● WORK ORDER: Please retype the listing below exactly as it stands, skipping any pictures.

● PROVIDED MATERIAL:
Start of Block

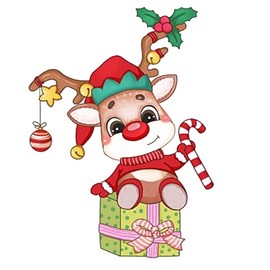 Christmas Elk Deer Metal Dies Cutting Die Cuts, Christmas Elk Deer Cutting Dies Embossing Stencils DIY Crafts Cards Cutting Dies for DIY Card Making Photo Decor Paper Dies Scrapbooking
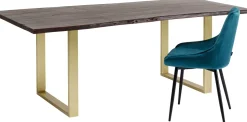 Tisch Harmony Dunkel Brass 180x90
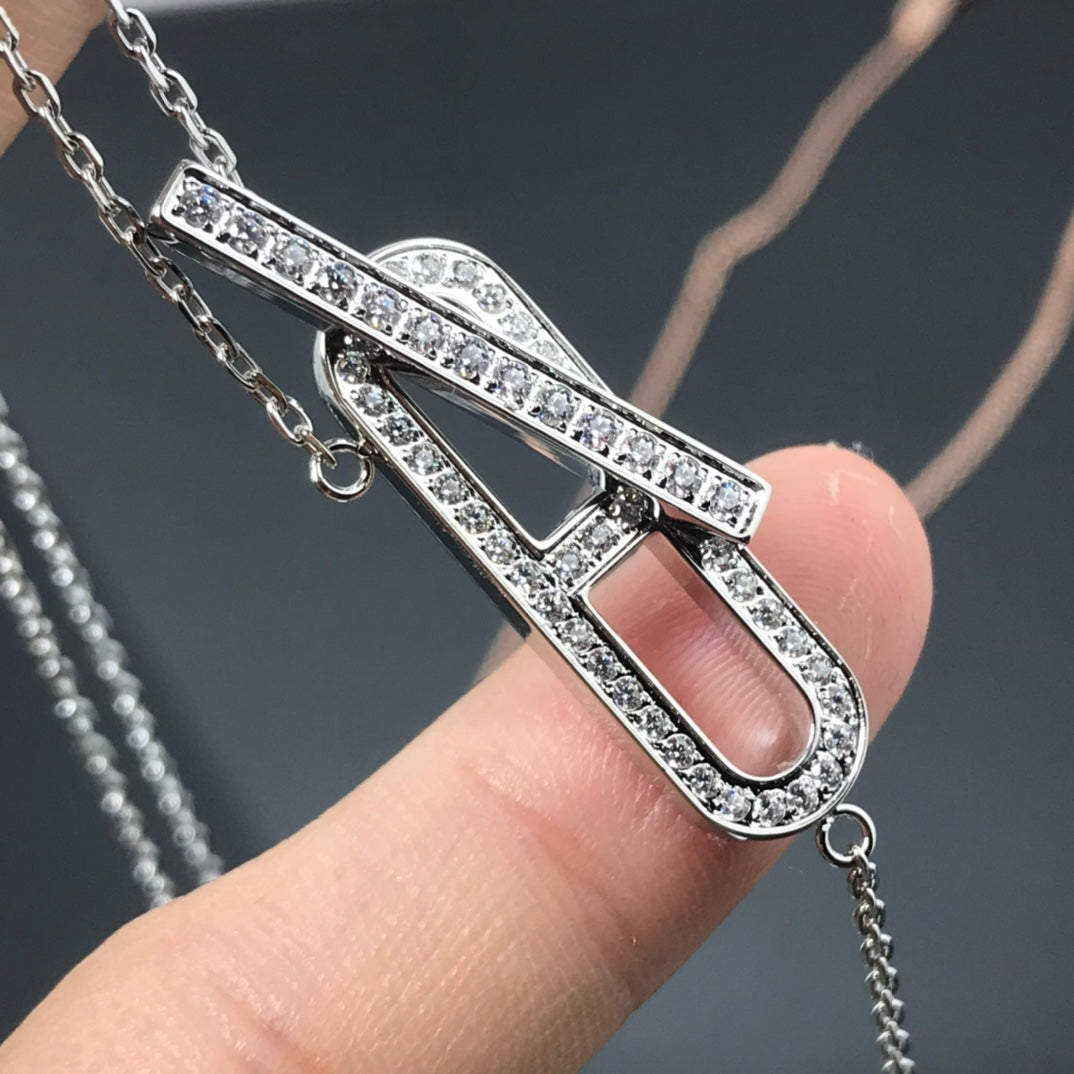 [Kincade Jewelrys]HM NECKLACE PLATINUM ROSE GOLD DIAMOND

End of Block

● WRITTEN RESPONSE:
 Christmas Elk Deer Metal Dies Cutting Die Cuts, Christmas Elk Deer Cutting Dies Embossing Stencils DIY Crafts Cards Cutting Dies for DIY Card Making Photo Decor Paper Dies Scrapbooking
 Tisch Harmony Dunkel Brass 180x90
 [Kincade Jewelrys]HM NECKLACE PLATINUM ROSE GOLD DIAMOND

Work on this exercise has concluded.